I've been generating my resampling strategy as follows:
grades_split <- initial_split(tabled_texts2, strata = grade)
grades_train <- training(grades_split)
grades_test <- testing(grades_split)
folds <- vfold_cv(grades_train)
Then, after tuning and fitting the model, I generate the resamples object:
fitted_grades <- fit(final_wf, grades_train)
LR_rs <- fit_resamples(
fitted_grades,
folds,
control = control_resamples(save_pred = TRUE)
)
Finally, I examine the predictions like this:
predictions <- collect_predictions(LR_rs)
View(predictions)
I get a table that looks like this:
id | .pred_4 | .pred_not 4 | .row | .pred_class | grade | .config |
---|---|---|---|---|---|---|
Fold01 | 0.502905 | 0.497095 | 18 | 4 | 4 | Preprocessor1_Model1 |
Fold01 | 0.484647 | 0.515353 | 22 | not 4 | 4 | Preprocessor1_Model1 |
Fold01 | 0.481496 | 0.518504 | 23 | not 4 | 4 | Preprocessor1_Model1 |
Fold01 | 0.492314 | 0.507686 | 40 | not 4 | 4 | Preprocessor1_Model1 |
Fold01 | 0.477215 | 0.522785 | 52 | not 4 | 4 | Preprocessor1_Model1 |
How could I map these values back to the original data?

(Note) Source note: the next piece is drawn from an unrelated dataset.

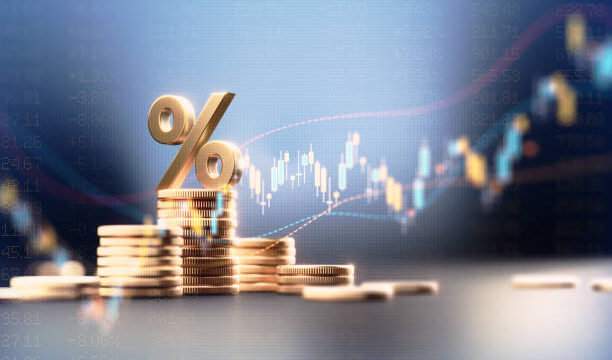 Ilustrasi Investasi. Foto : Istock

Here is an analogous reprex. In this example, I would like to be able to see specifically which of the penguins are being misclassified, not just an arbitrary .row value (which I'm pretty sure doesn't map back 1-1 to the original dataset)
library(tidyverse)
library(tidymodels)
library(tidytext)
library(modeldata)
library(naivebayes)
library(discrim)
set.seed(1)
data("penguins")
View(penguins)
nb_spec <- naive_Bayes() %>%
set_mode('classification') %>%
set_engine('naivebayes')
fitted_wf <- workflow() %>%
add_formula(species ~ island + flipper_length_mm) %>%
add_model(nb_spec) %>%
fit(penguins)
split <- initial_split(penguins)
train <- training(split)
test <- testing(split)
folds <- vfold_cv(train)
NB_rs <- fit_resamples(
fitted_wf,
folds,
control = control_resamples(save_pred = TRUE)
)
predictions <- collect_predictions(NB_rs)
View(predictions)